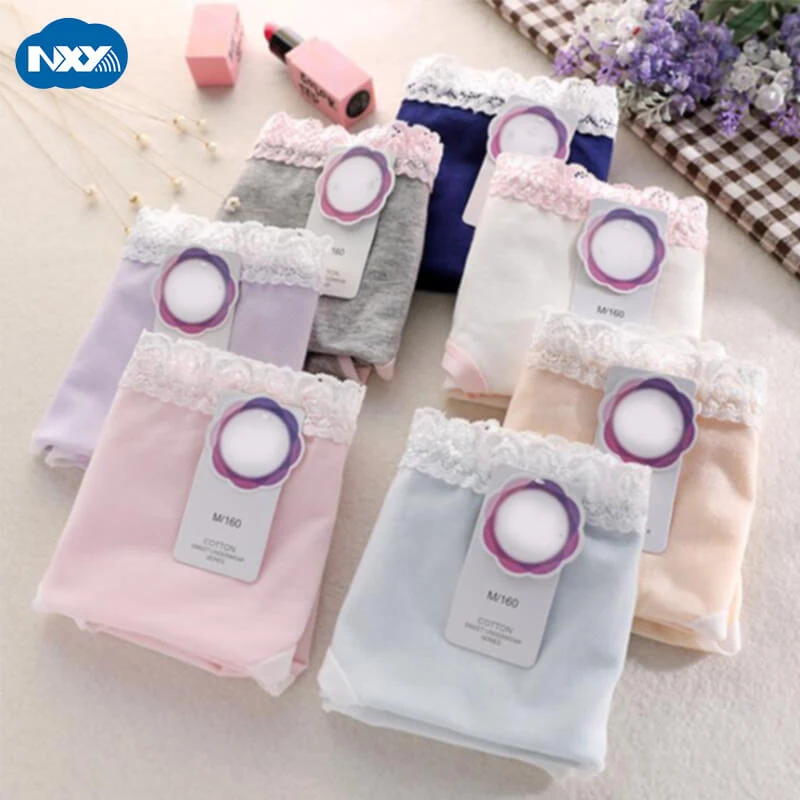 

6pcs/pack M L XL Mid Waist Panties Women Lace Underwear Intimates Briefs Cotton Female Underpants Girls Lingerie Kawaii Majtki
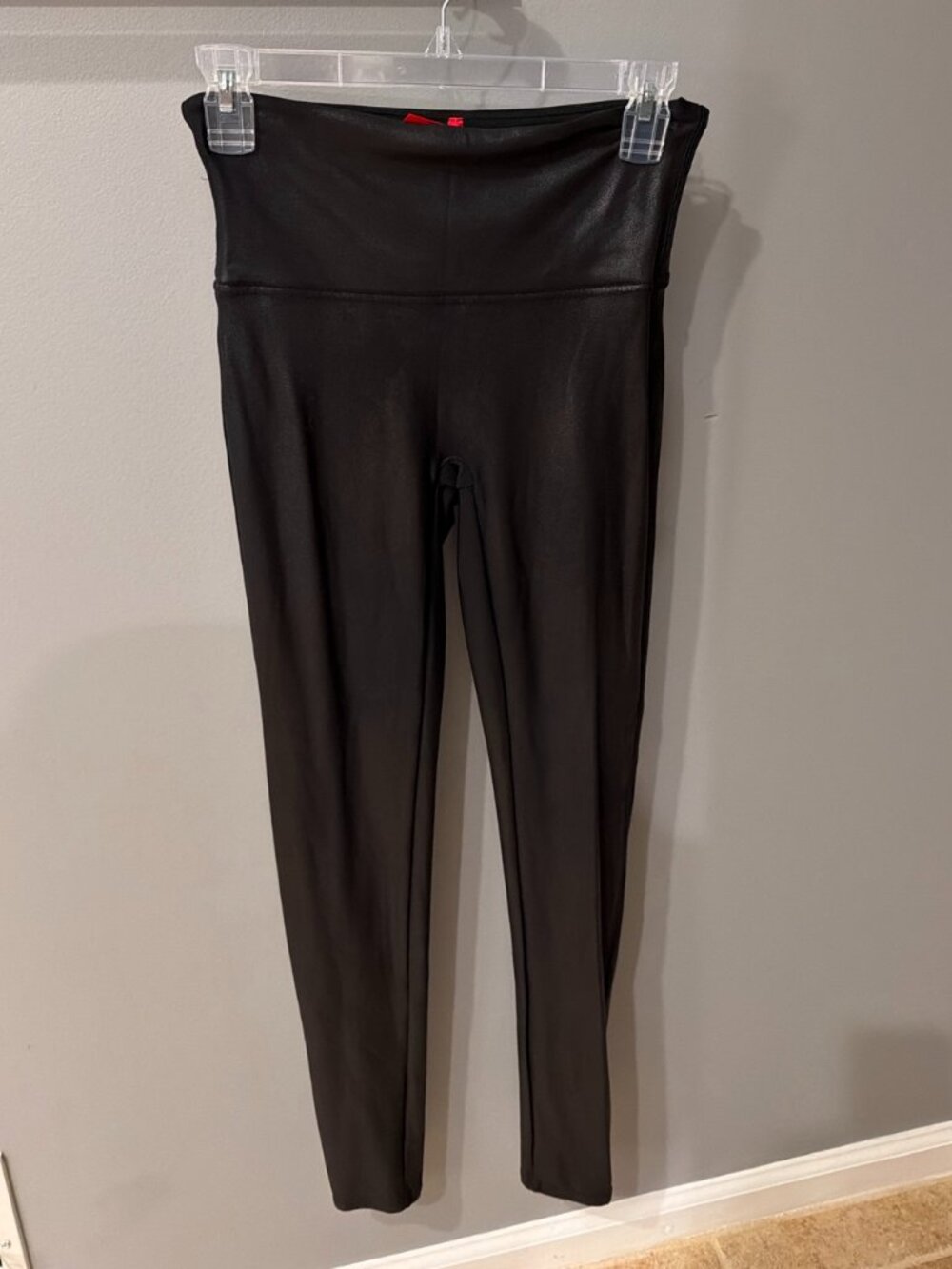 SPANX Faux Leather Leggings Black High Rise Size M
########
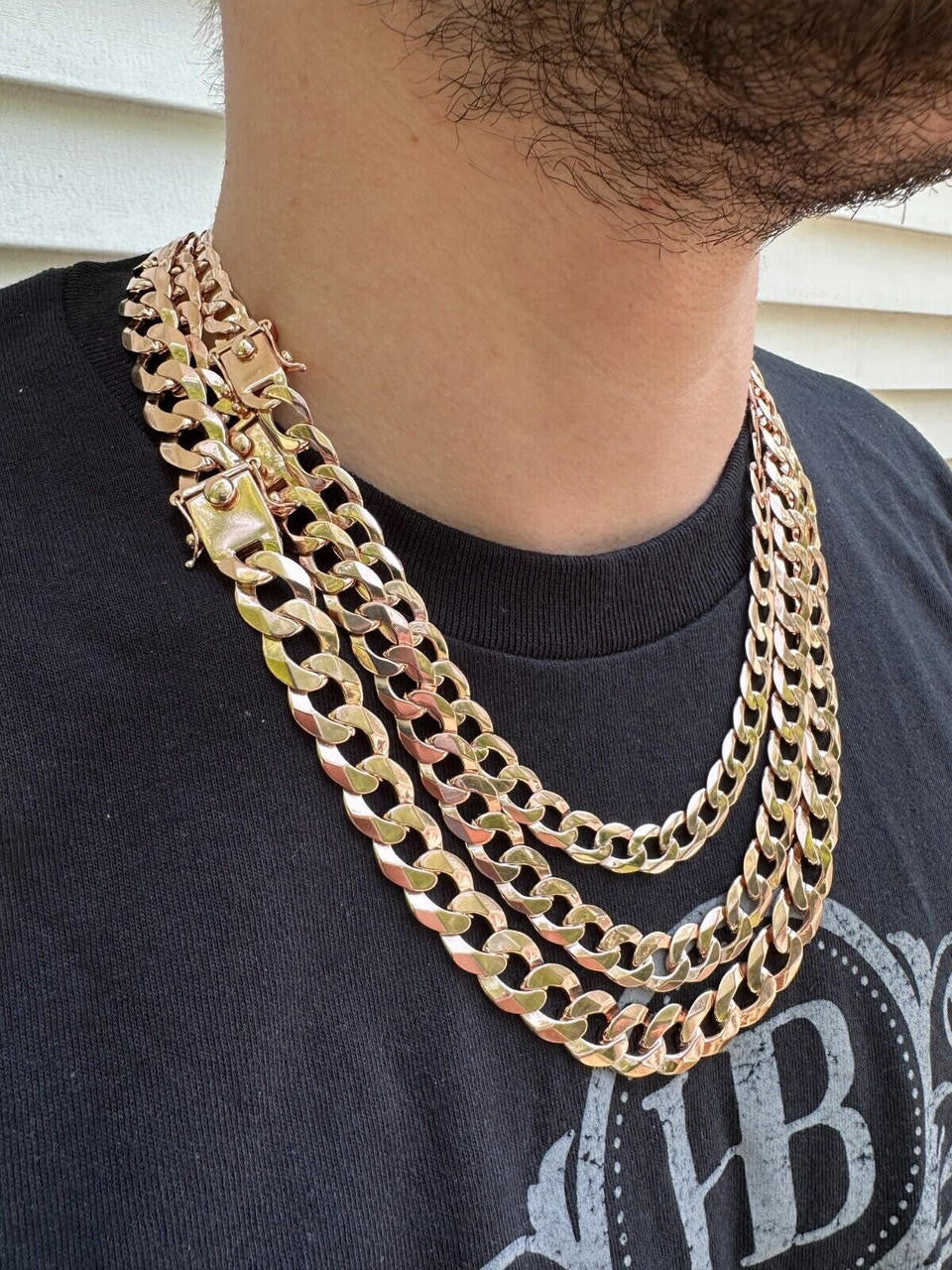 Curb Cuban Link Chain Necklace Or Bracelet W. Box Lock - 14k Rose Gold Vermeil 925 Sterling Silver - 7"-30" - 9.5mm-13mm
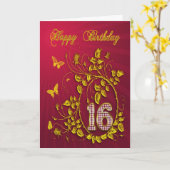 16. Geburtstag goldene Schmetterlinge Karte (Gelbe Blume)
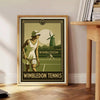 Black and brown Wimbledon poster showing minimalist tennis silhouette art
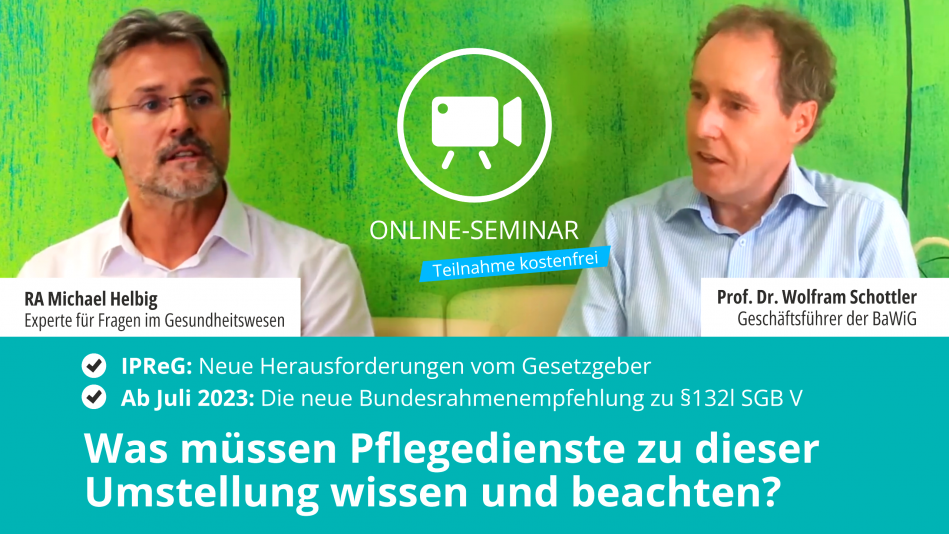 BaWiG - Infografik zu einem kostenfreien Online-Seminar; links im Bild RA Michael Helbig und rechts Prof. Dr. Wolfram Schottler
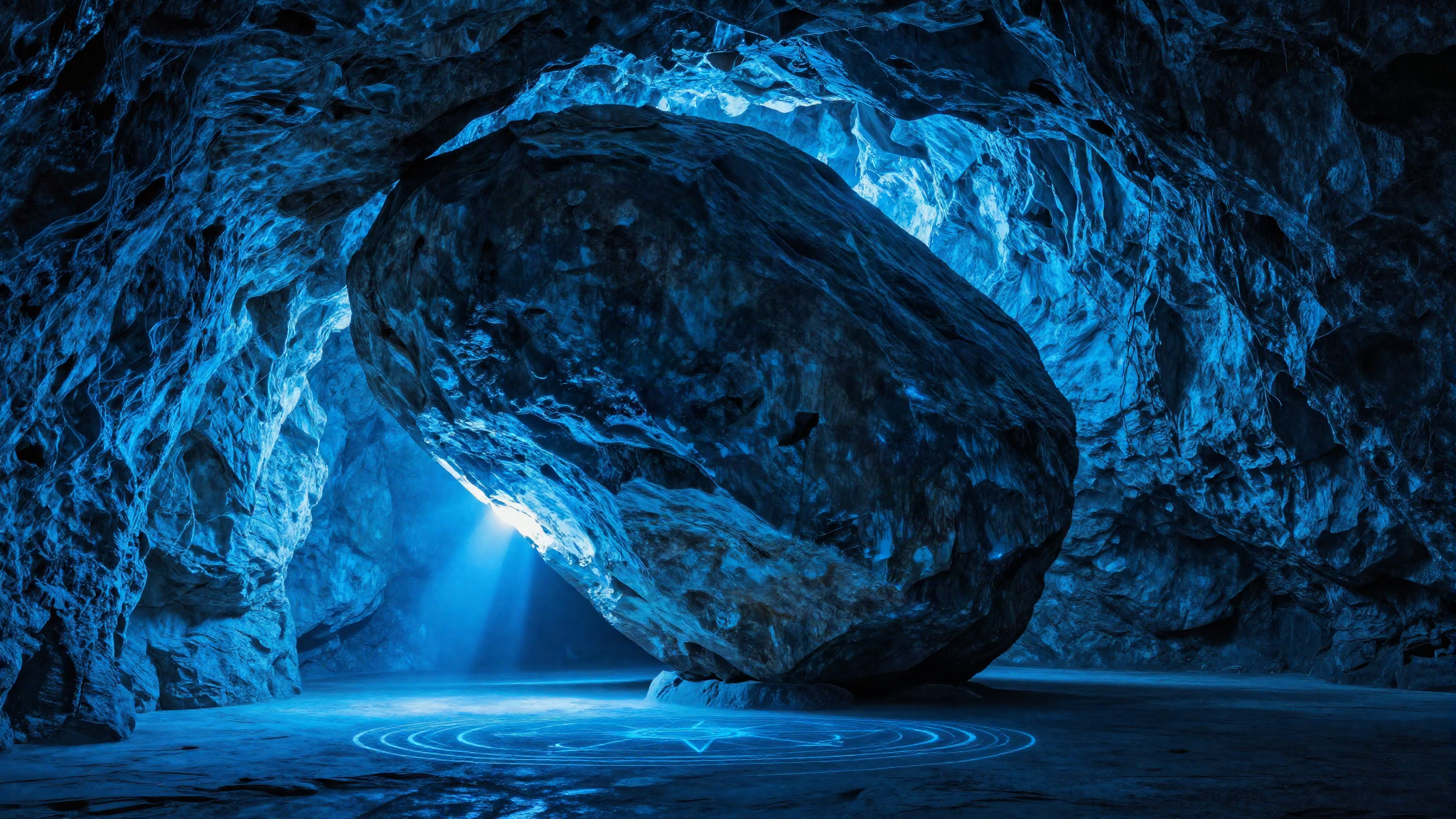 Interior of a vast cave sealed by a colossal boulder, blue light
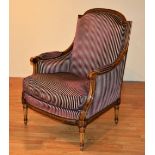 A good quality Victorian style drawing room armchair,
########
▶ [ABOUT THIS TASK]
Output exactly, and only, the lines of the entries above from the one with "Curb Cuban Link" up to and including the one with "A good quality"; pictures are to be left out.

▶ [ANSWER SECTION]
 Curb Cuban Link Chain Necklace Or Bracelet W. Box Lock - 14k Rose Gold Vermeil 925 Sterling Silver - 7"-30" - 9.5mm-13mm
 16. Geburtstag goldene Schmetterlinge Karte (Gelbe Blume)
 Black and brown Wimbledon poster showing minimalist tennis silhouette art
 BaWiG - Infografik zu einem kostenfreien Online-Seminar; links im Bild RA Michael Helbig und rechts Prof. Dr. Wolfram Schottler
 Interior of a vast cave sealed by a colossal boulder, blue light
 A good quality Victorian style drawing room armchair,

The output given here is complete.